So, I been wanting to make my own stock for a long time just have not taken the time to make some. That all changed this past weekend. With gumbo weather fast approaching I wanted to make stock ahead of time and have on hand. So I did. I have always used water while making gumbo wanted to try using homemade stock.


Forty-three and a half pounds of deboned thighs and drumsticks. Man, the stock better make my gumbo stand up and sing because it took a while to debone.


Cold water added.


I think I'm going to have to take some out because when I add the bones it will overflow. Ha!


Bones done in the oven for an hour to brown up...per the recipe. Had three trays of bones.


Bones added.


About hour three and a half to four.


Veggies and spices added. Man the house smelled great!

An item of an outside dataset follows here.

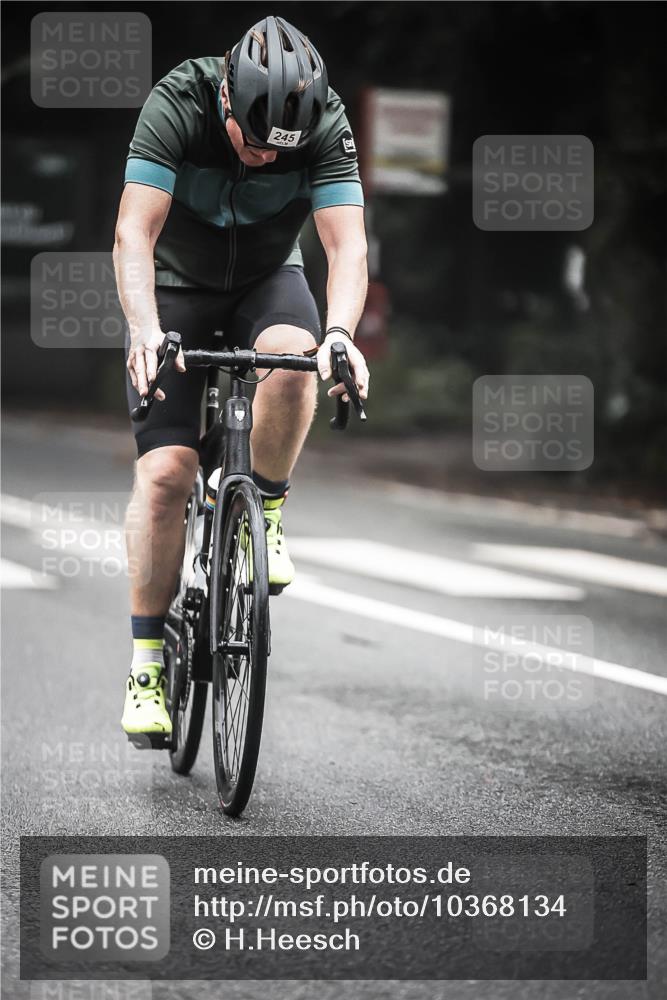 13.09.2026 - Stadtparktriathlon H.Heesch http://msf.ph/oto/10368134 13.09.2026 10:17:14 Radfahren 241, 245, 269 meine-sportfotos.de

Smoked a couple chickens while making the stock. The girls had 3-4 friends over to help us eat.








Smashed taters.


Strained the stock twice and this is what I got. Canning pot full of stock. I let it sit for three hours then placed in the fridge for two days.


After taking out of the fridge I spooned the fat cap off. Time to bag the stock for the freezer.

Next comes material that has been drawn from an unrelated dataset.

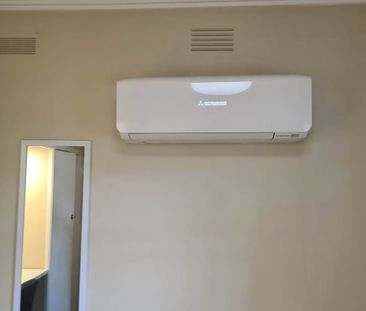 4-bedroom shared house, Cumming st Burwood VIC - Photo 6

Four gallons so far. I will take out of the box and stack once it freezes. Put in the box in case of a leak.


One more gallon so five altogether. Can you say big pot of gumbo!!!

Questions for you stock makers.

1. The recipe says if I did it right it should be clear. Mine is not clear and I think I followed the recipe only a much larger scale. Any thoughts?

2. Anyone use stock for their gumbo?

Thanks for looking.

--jeepdad


CHICKEN STOCK
(from the Gumbo Pages website)

Don't be intimidated by this. It's easy. You have four parts to making a stock -- the COLD water, the bones/meat, the aromatic vegetables (or mirepoix to use the snooty French culinary term) and the seasonings packet (or sachet d'epices, in French).

For a white chicken stock, place the bones/meat directly into the cold water for the stock; for a brown stock, brown the bones in a 350°F oven until dark golden brown, almost an hour. This makes an incredibly rich, flavorful stock with tons of body. If you don't have five hours to make stock, you can do the quick chicken stock in about an hour.

This recipe works well for turkey or duck stocks also.

6 quarts cold water
8 pounds chicken parts (backs, necks, etc.) and bones, or a whole chicken, cut up

Mirepoix
8 ounces onions, chopped
4 ounces celery with tops, chopped
4 ounces carrots, chopped
2 small heads garlic, cut in half horizontally

Sachet d'epices
1 teaspoon or so black peppercorns, cracked
6-8 parsley stems, chopped
1 bay leaf
1/4 tsp. dried thyme leaves
1/4 tsp. dried tarragon leaves
1/4 tsp. dried oregano leaves
1/4 tsp. dried basil leaves

The above ingredients are placed into a 4" square of cheesecloth and tied into a sack, or use a metal tea ball.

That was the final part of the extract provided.